__WHAT TO PRODUCE__.
Using the data below, copy out all lines with the word "from".

[Dataset excerpts]
○ ○ ○

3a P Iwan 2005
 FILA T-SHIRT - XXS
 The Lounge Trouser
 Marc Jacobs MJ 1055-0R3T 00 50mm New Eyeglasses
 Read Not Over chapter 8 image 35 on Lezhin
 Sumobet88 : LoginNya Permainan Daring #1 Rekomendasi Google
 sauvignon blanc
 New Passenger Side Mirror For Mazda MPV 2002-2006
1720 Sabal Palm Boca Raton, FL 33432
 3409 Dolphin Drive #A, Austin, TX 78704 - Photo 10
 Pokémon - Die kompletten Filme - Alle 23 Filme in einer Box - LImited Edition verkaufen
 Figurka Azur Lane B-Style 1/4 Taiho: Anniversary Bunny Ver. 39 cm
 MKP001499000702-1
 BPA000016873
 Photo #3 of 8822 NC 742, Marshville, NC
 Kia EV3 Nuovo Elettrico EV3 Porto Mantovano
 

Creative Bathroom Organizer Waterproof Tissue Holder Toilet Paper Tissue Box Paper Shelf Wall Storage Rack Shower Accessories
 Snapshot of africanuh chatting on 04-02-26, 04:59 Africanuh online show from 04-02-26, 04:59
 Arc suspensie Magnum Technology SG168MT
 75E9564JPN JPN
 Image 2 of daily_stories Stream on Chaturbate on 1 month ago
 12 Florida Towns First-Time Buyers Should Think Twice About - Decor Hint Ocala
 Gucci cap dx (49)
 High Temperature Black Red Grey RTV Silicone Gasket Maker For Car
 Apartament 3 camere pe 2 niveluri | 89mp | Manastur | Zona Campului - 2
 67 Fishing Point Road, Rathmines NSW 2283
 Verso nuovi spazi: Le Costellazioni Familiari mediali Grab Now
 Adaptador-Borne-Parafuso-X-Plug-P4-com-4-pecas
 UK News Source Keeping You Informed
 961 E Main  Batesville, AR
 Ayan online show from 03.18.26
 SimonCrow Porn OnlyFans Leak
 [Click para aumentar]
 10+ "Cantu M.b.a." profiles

○ ○ ○

__TASK RESPONSE__.
 Snapshot of africanuh chatting on 04-02-26, 04:59 Africanuh online show from 04-02-26, 04:59
 Ayan online show from 03.18.26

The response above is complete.